(Data records)

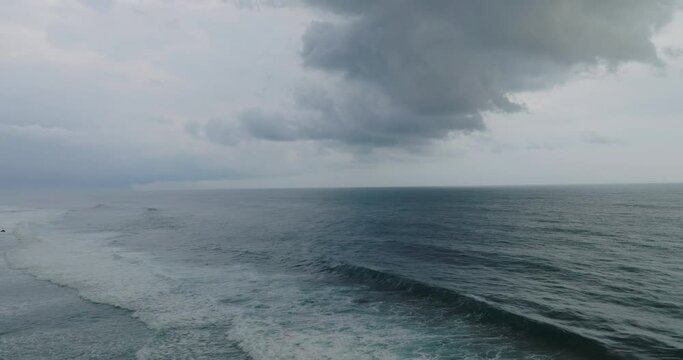 Aerial view of the Indian Ocean and a cloudy sky, Bali, Indonesia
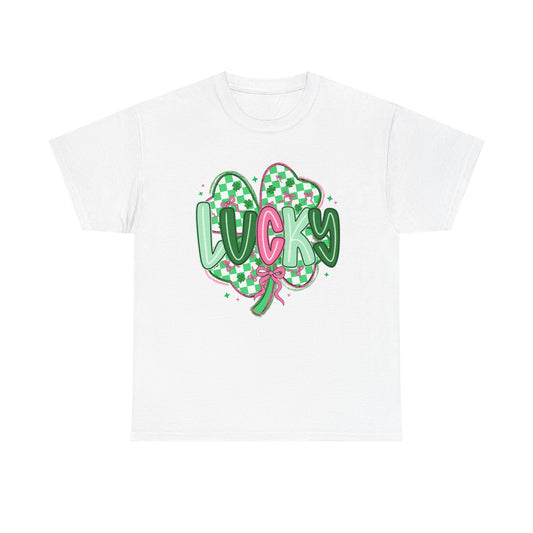 Lucky Clover Heart T-Shirt — Green Checkered St. Patrick’s Day Tee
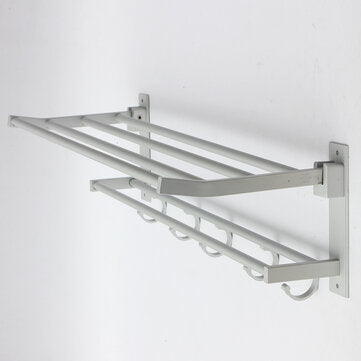 Bathroom Alumimum Folded Silver Bath Towel Shelf Washcloth Rack Holder With 5 Hooks Storage Rack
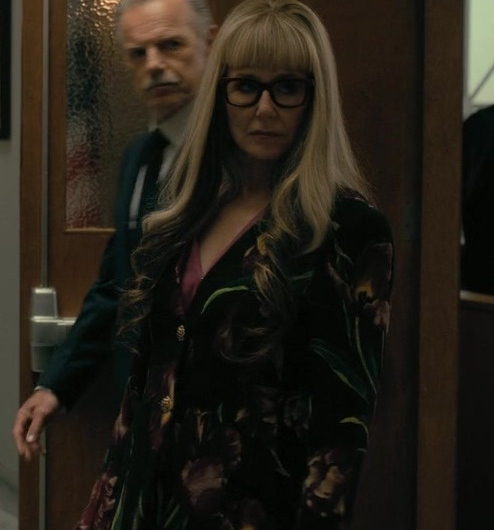 Floral Pattern Black Blazer Worn by Mary McDonnell as Madeline Usher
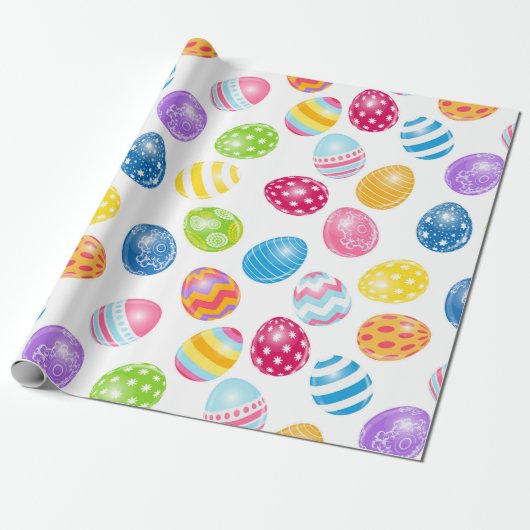 Colorful Easter Eggs Cadeaupapier (Uitgerold)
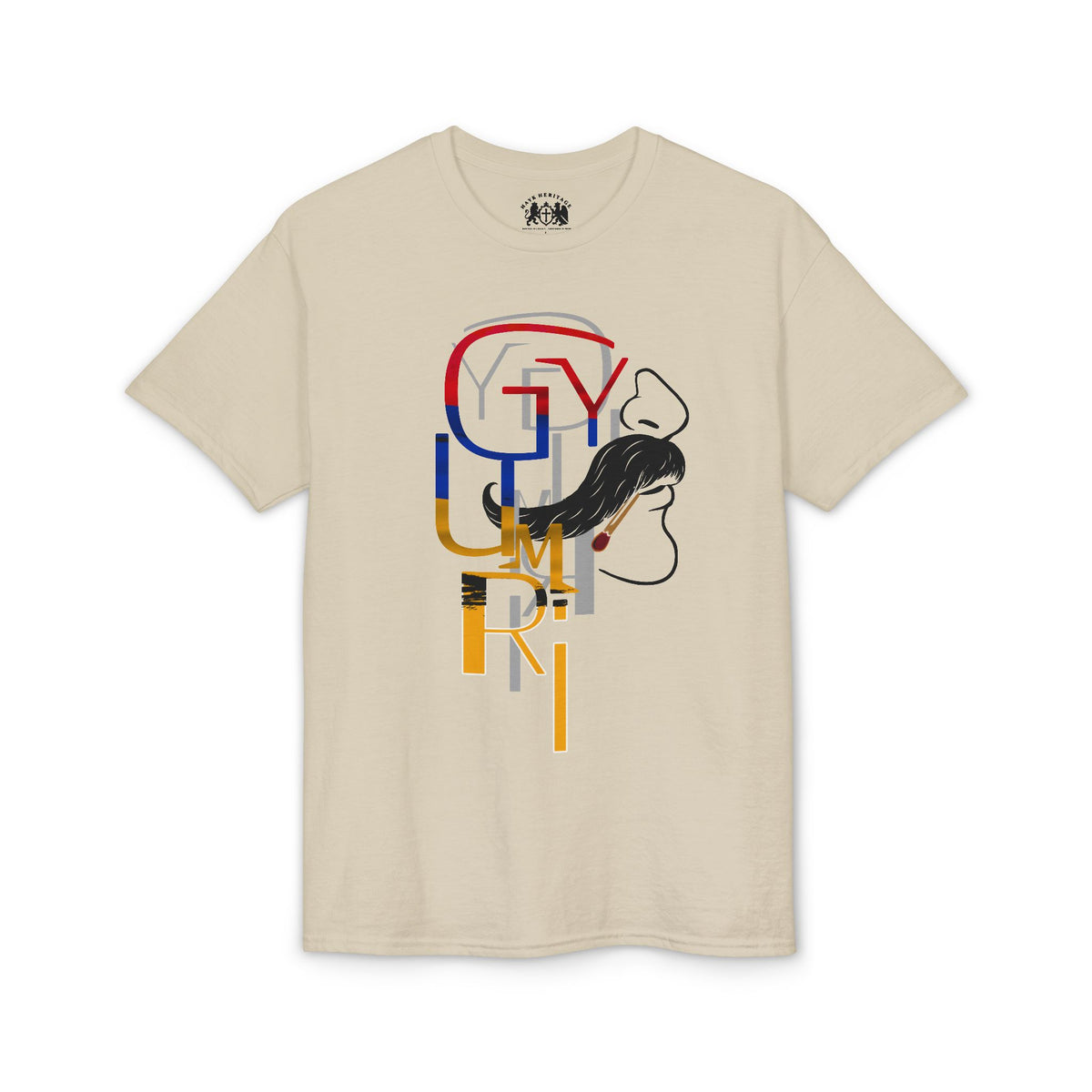 GYUMRI Attitude tee detail — Armenian tricolor GYUMRI type with mustache, Hayk Heritage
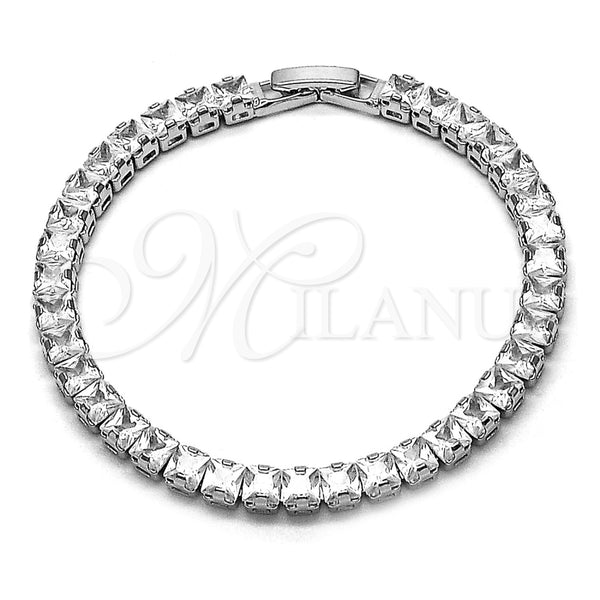 Pulsera Tennis 03.130.0004.6.07 Rodio Laminado, Diseño de Cluster, con Zirconia Cubica Blanca, Pulido, Rodinado (Grosor 04.8 MM, 7 Pulgadas de Largo)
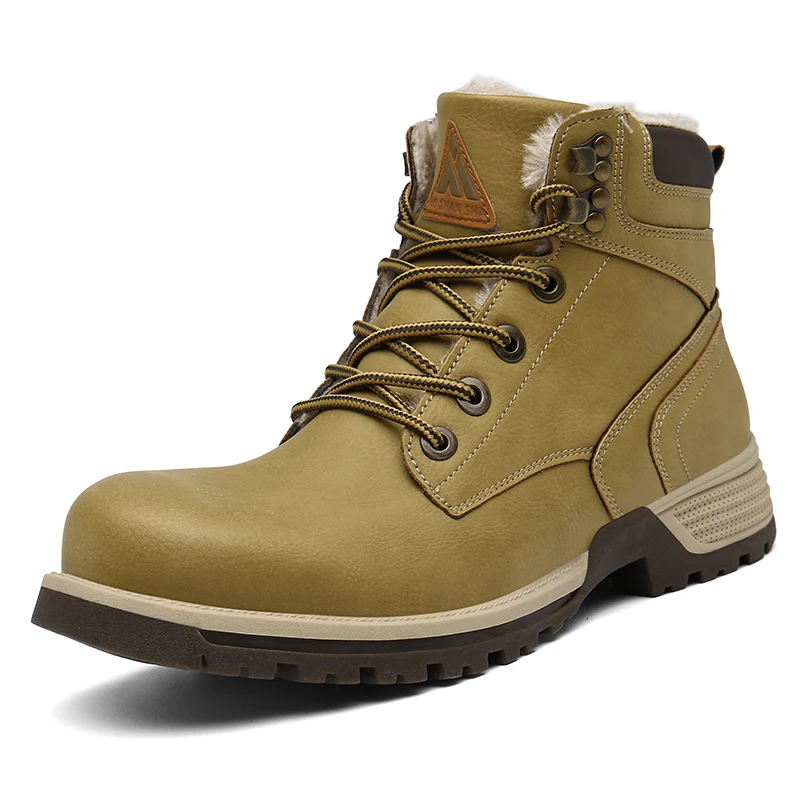 Кожаная мужская обувь; зимние ботинки «милитари»; уличные зимние ботинки; мужские теплые кроссовки; армейские ботинки; защитная обувь из плюша; botas hombre - Color: Yellow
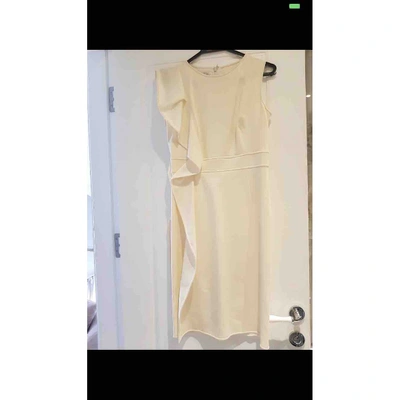 Pre-owned Valentino Wool Mid-length Dress In Beige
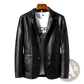 Men's Faux Leather Double Breasted Jacket with Pockets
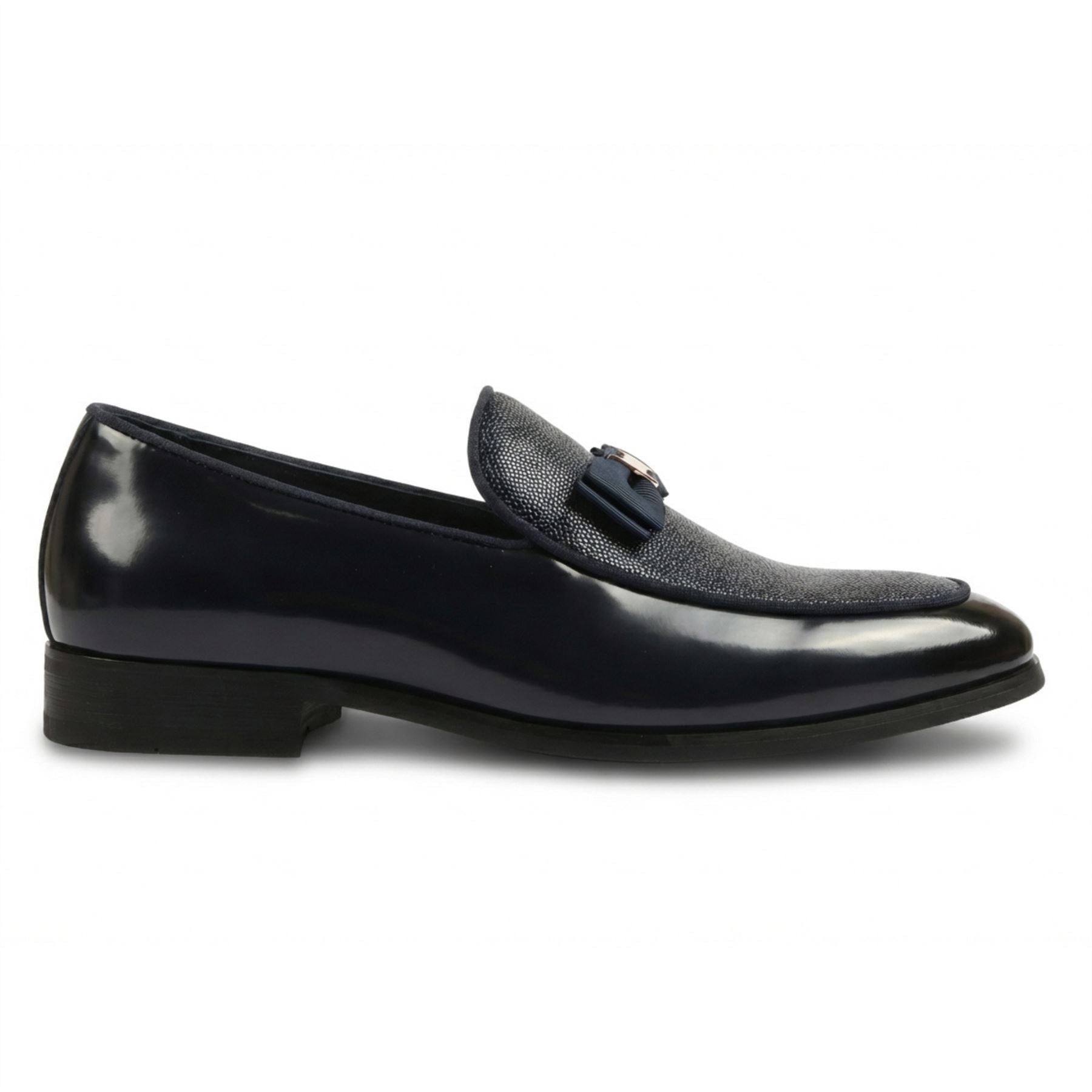 Men’s Formal Dress Loafers Patent PU Leather Textured Front Iconic Buckle Bow Modern Slip-On Shoes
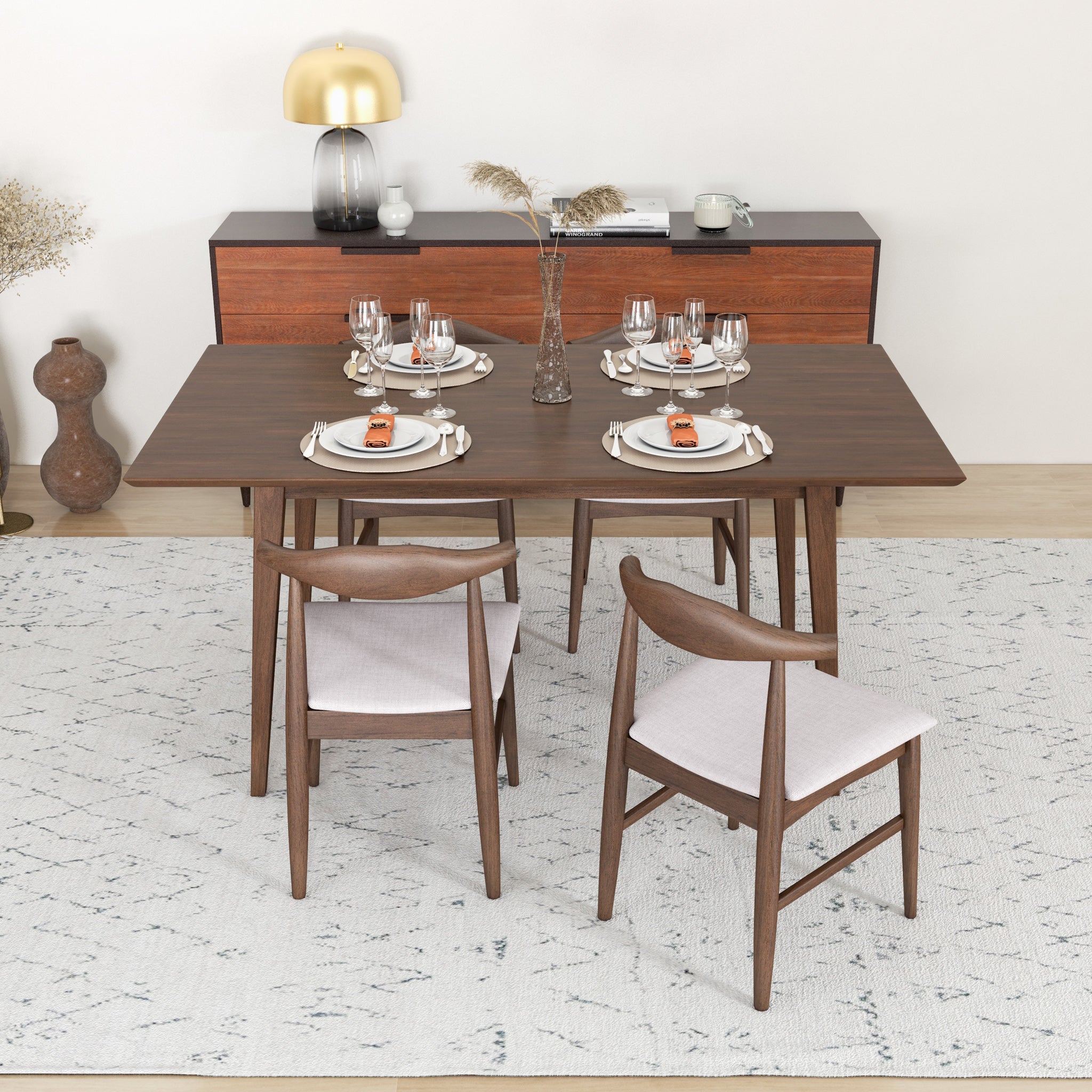 Alpine Large Walnut Dining Set with 4 Winston Beige Dining Chairs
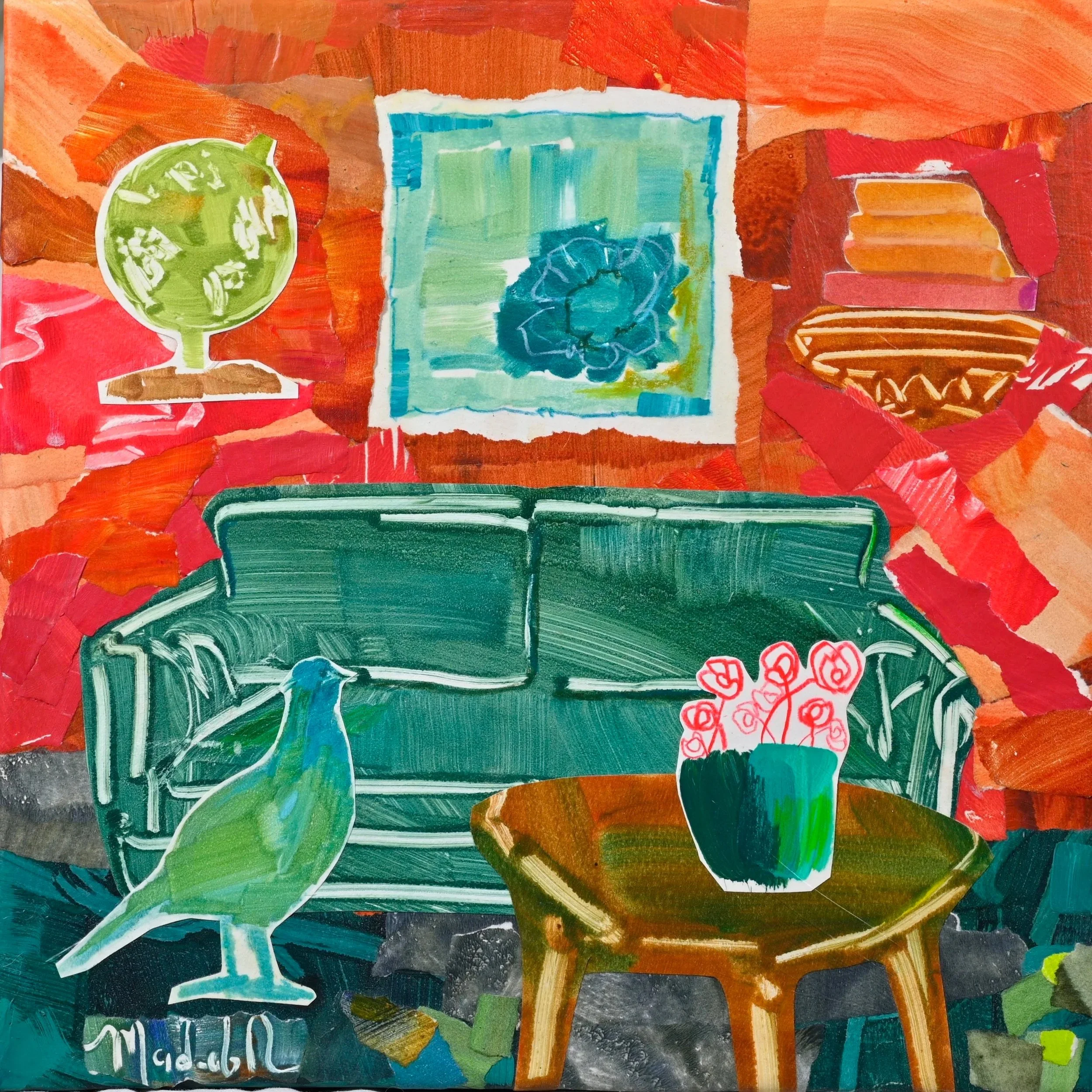 Orange Cozy Room with cool green Sofa and Pheasant  (Collage on Canvas)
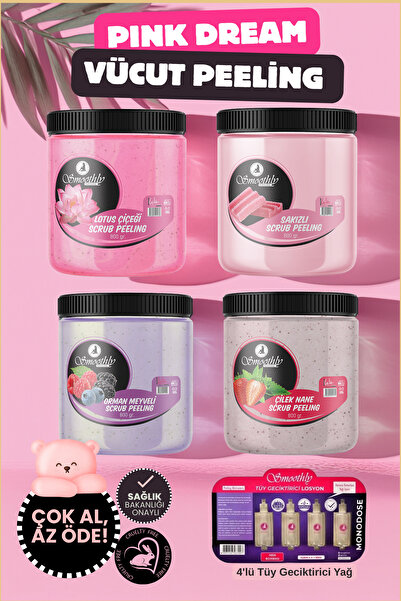 Smoothly Pink Vücut Peelingi Batık & Çilek Bacak Onarıcı 4 X 800g + 4lü Karınca Yumurtası Yağ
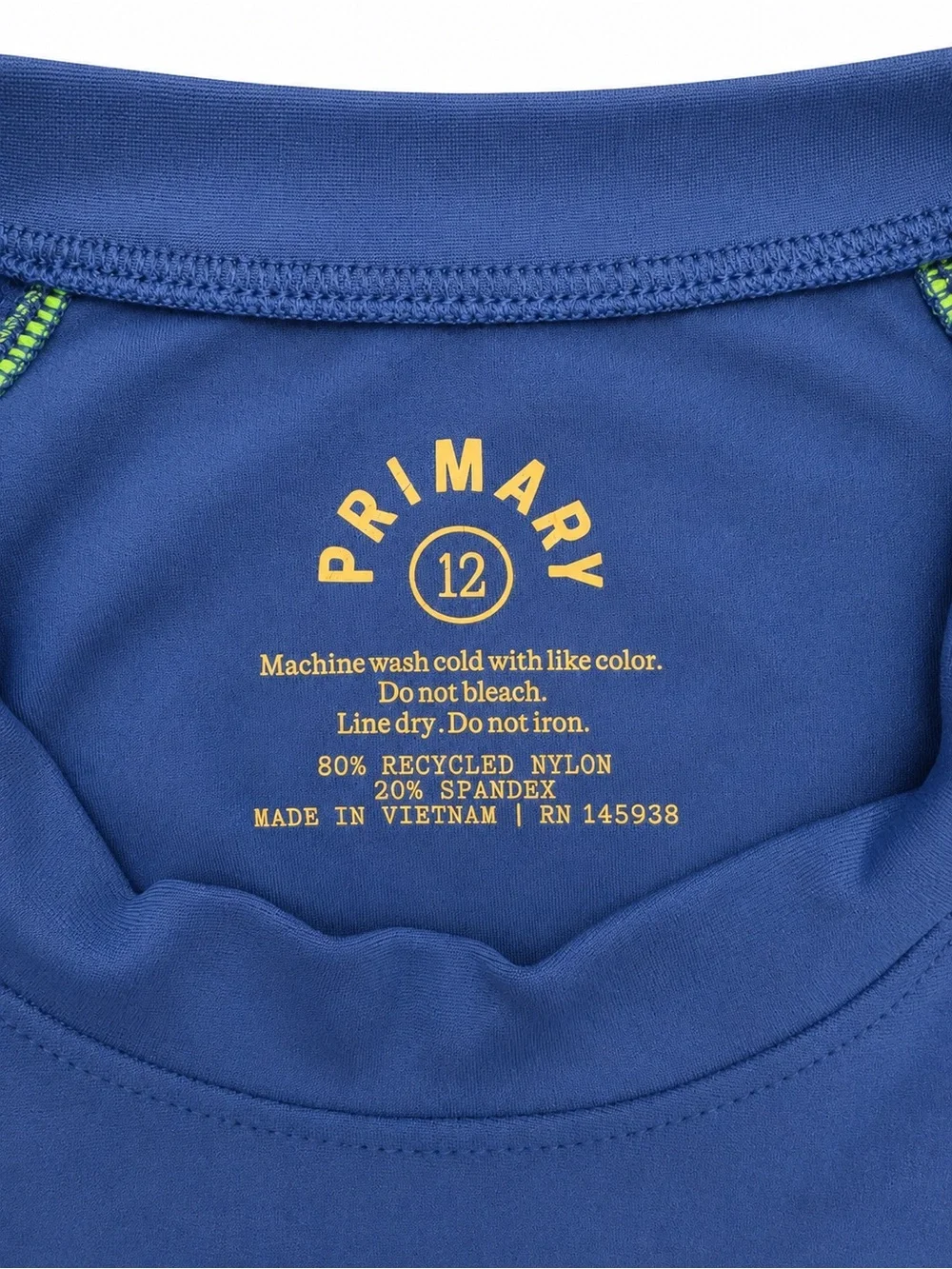 Primary Kids Blue & Green Long Sleeve Rash Guard Swim Shirt Size 12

Task objective:
Reproduce the whole of the data, word for word, and omit its pictures.

Answer:
 Aerial view of the Indian Ocean and a cloudy sky, Bali, Indonesia
 Lucky Clover Heart T-Shirt — Green Checkered St. Patrick’s Day Tee
 Bathroom Alumimum Folded Silver Bath Towel Shelf Washcloth Rack Holder With 5 Hooks Storage Rack
 Floral Pattern Black Blazer Worn by Mary McDonnell as Madeline Usher
 Colorful Easter Eggs Cadeaupapier (Uitgerold)
 GYUMRI Attitude tee detail — Armenian tricolor GYUMRI type with mustache, Hayk Heritage
 Pulsera Tennis 03.130.0004.6.07 Rodio Laminado, Diseño de Cluster, con Zirconia Cubica Blanca, Pulido, Rodinado (Grosor 04.8 MM, 7 Pulgadas de Largo)
 Кожаная мужская обувь; зимние ботинки «милитари»; уличные зимние ботинки; мужские теплые кроссовки; армейские ботинки; защитная обувь из плюша; botas hombre - Color: Yellow
 Pre-owned Valentino Wool Mid-length Dress In Beige
 Men's Faux Leather Double Breasted Jacket with Pockets
 Men’s Formal Dress Loafers Patent PU Leather Textured Front Iconic Buckle Bow Modern Slip-On Shoes
 Alpine Large Walnut Dining Set with 4 Winston Beige Dining Chairs
 Orange Cozy Room with cool green Sofa and Pheasant  (Collage on Canvas)
 Smoothly Pink Vücut Peelingi Batık & Çilek Bacak Onarıcı 4 X 800g + 4lü Karınca Yumurtası Yağ
 Primary Kids Blue & Green Long Sleeve Rash Guard Swim Shirt Size 12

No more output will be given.